I was celebrating with him, at least until the post-match interview. He acknowledged it was an amazing accomplishment, stated how well he believed he had played, and then thanked no one--not his wife, not his parents, not his coach--no one. I was stunned! No one gets to the pinnacle of anything alone; all must stand on the shoulders of others who manage daily logistics so that the player may pursue the work of physical training and practice.
Psalm 48 begins with the praise of God: "Great is the Lord and greatly to be praised . . . ", acknowledging the fundamental dependence humans have upon God. A few verses later the psalmist turns to other inhabitants of Mount Zion, the king, mothers, sailors, and fellow citizens. They, too, are an interdependent part of the city God is establishing. All participate in the praise of God and the flourishing of life.
Praise of others seems to flow out of the praise of God. Realizing the great gift of life from God and those with whom we are privileged to share it suggests that praising God and others go together. Sharing credit, being grateful, and acknowledging one's own insufficiency are marks of mature humanity.
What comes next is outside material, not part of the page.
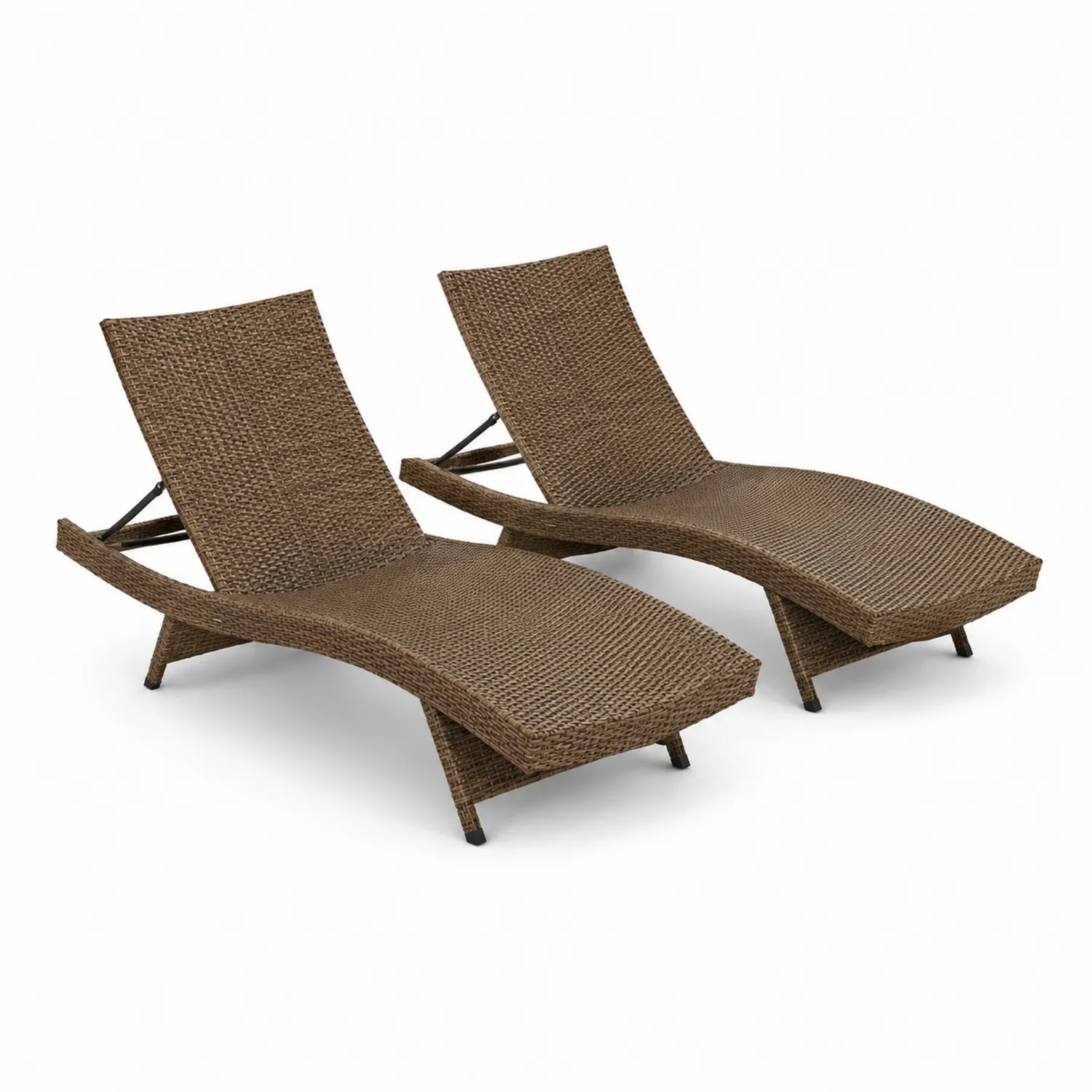 Set di 2 Lettini Prendisole in Rattan Sintetico Marrone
The accompanying epistle text from Second Corinthians features Paul's frank admission: " . . . I will not boast, except of my weakness" (12:5) It is a stark contrast to the self-absorbed prattle of many in our days--athletes, celebrities, even some ministers. The humility of the Apostle grows out of his praise of Christ. He has learned that if he is too full of himself, there is no room for the power of Christ to dwell in him (v. 9b).
I will not stop watching tennis, but I will be watching for signs of humility and gratitude to others in addition to artistry on the court. And I will seek to listen better to the scriptural teachers about linking praise of God and others.